Protein domains can evolve by point mutations and modular rearrangements. In most protein families, the combination of domains is always the same; i.e., neighboring domains are always arranged in the same order (Vogel et al. 2004). Expansins always have a two-domain structure (domain 1 and domain 2), so proteins that lack either of the domains were not considered as expansins (Kende et al. 2004). In this study, domains 1 and 2 were found in 54 B. rapa proteins and 52 of them strictly followed the expansin rule. One protein (BrEXPA18) contained a tandem repeat of domain 2 (Fig. 1b) and another protein (Bra016981; not consider an expansin) contained expansin-specific domains, two different macro domains, and a ribosomal protein-S26e domain (data not shown). These domain repeat and multidomain features are likely to be the results of modular rearrangements (Bjorklund et al. 2006; Weiner et al. 2008), which are driven primarily by fusion of pre-existing arrangements, single domain proteins, and domains that occur frequently at protein termini (Weiner et al. 2008). Our synteny analysis (Table 2) clearly showed that the expansin-specific domains in Bra01681 were generated from the WGT event, suggesting that Bra01681 formed after the WGT event by domain recombination.

Domain deletion in the BrEXP superfamily

In this study, four proteins (Bra033068, Bra000142, Bra025800, and Bra016473) that contained only domain 1 and one protein (Bra004891) that contained only domain 2 were identified. The synteny of the expansin-coding genes between B. rapa and A. thaliana clearly showed that WGT had generated these five proteins in B. rapa. Indeed, analysis indicated the genes that code these five proteins were orthologs and paralogs of actual expansins of Arabidopsis and B. rapa, respectively (Table 2). Thus, it is likely that during the course of evolution after WGT, these five proteins lost one of the two expansin domains. Proteins Bra033068, Bra000142, Bra025800, and Bra016473 lacked the domain (domain 2) at the C-terminus, while Bra004891 lacked the domain (domain 1) at the N-terminus.
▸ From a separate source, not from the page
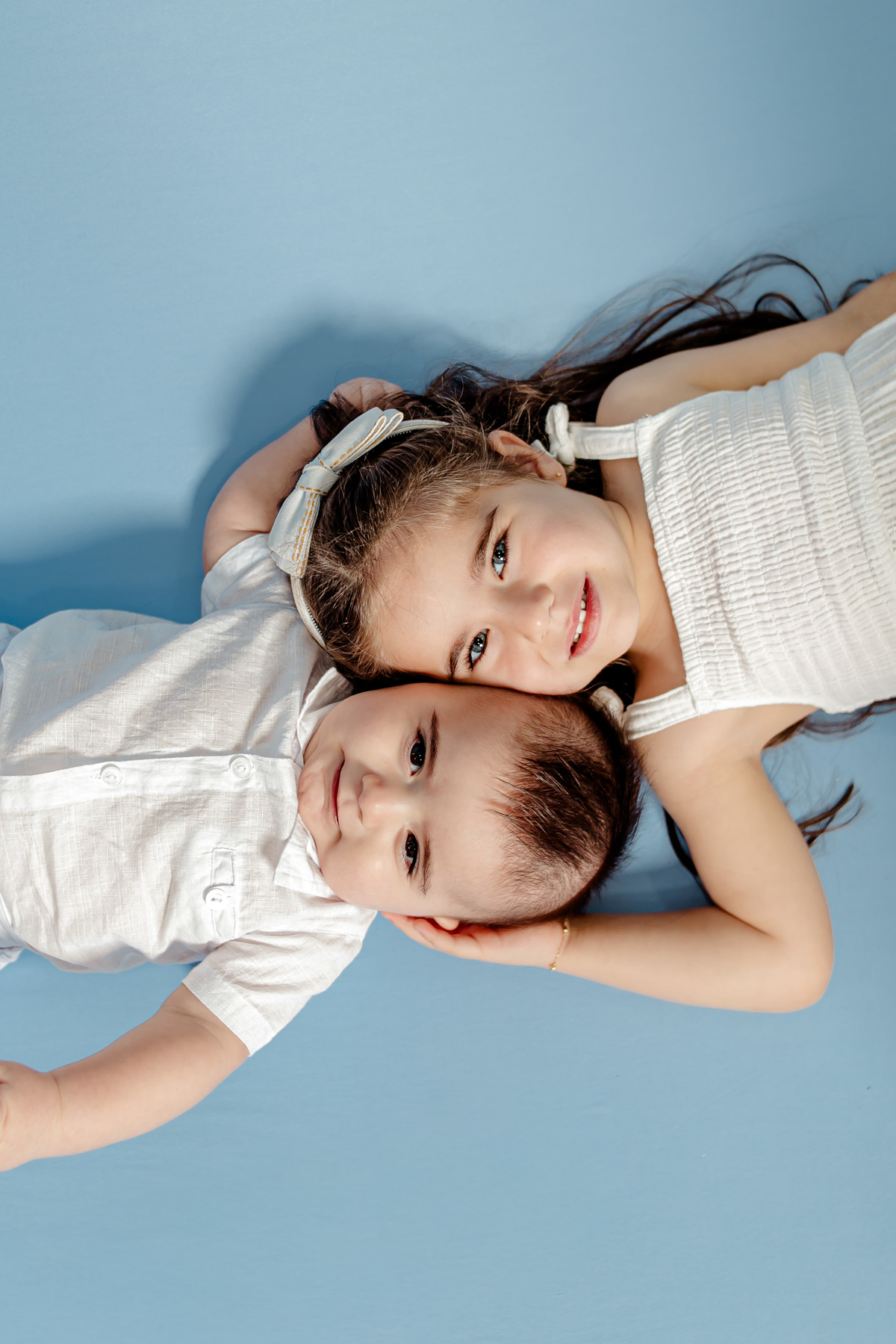 irmão irmã irmãos batismo príncipe princesa urso clean neutro boho família ensaio infantil fotografia fotográfico retrato Niterói Rio de Janeiro Itaipu Região Oceãnica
This phenomenon coincides with previous results that domain deletions frequently occur at the C-terminus (Weiner et al. 2006). Domain losses can be achieved by the introduction of start and stop codons which render the terminal domains nonfunctional, such that further shortening occurs until the whole domain is lost (Weiner et al. 2006). The Bra033068 and Bra025800 proteins were less than 100 amino acids long, while Bra000142, Bra016473, and Bra004891 had 130–170 amino acids, indicating that the domain deletion processes may have various dimensions.

Conclusion

In this study, we identified 39 BrEXPA, 9 BrEXPB, 2 BrEXLA, and 3 BrEXLB genes in the B. rapa genome. In silico analyses revealed that (1) more than 50 % of the duplicated expansin genes were lost in B. rapa after the WGT event, (2) BrEXPs underwent strong purifying selection, (3) segmental duplication and fragment recombination accelerated the evolution of BrEXPs, and (4) BrEXPs experienced intron gain and loss, domain deletion, domain fusion, and domain repeat. This study has extended our knowledge about the impact of WGT on the BrEXP superfamily and revealed many new species-specific structural characteristics of BrEXPs. Furthermore, it has provided basic resources for studying the functions of BrEXPs. We believe that the functional characteristics of BrEXPA20 (paralog of BrEXPA7 and ortholog of AtEXPA1), BrEXPA18 (paralog of BrEXPA20 and ortholog of AtEXPA4), and BrEXPB6 (tandem repeat of BrEXPB5 and ortholog of AtEXPB4) will help in understanding the importance and/or consequences of intron gain/loss and domain repeat to the functions of the expansins.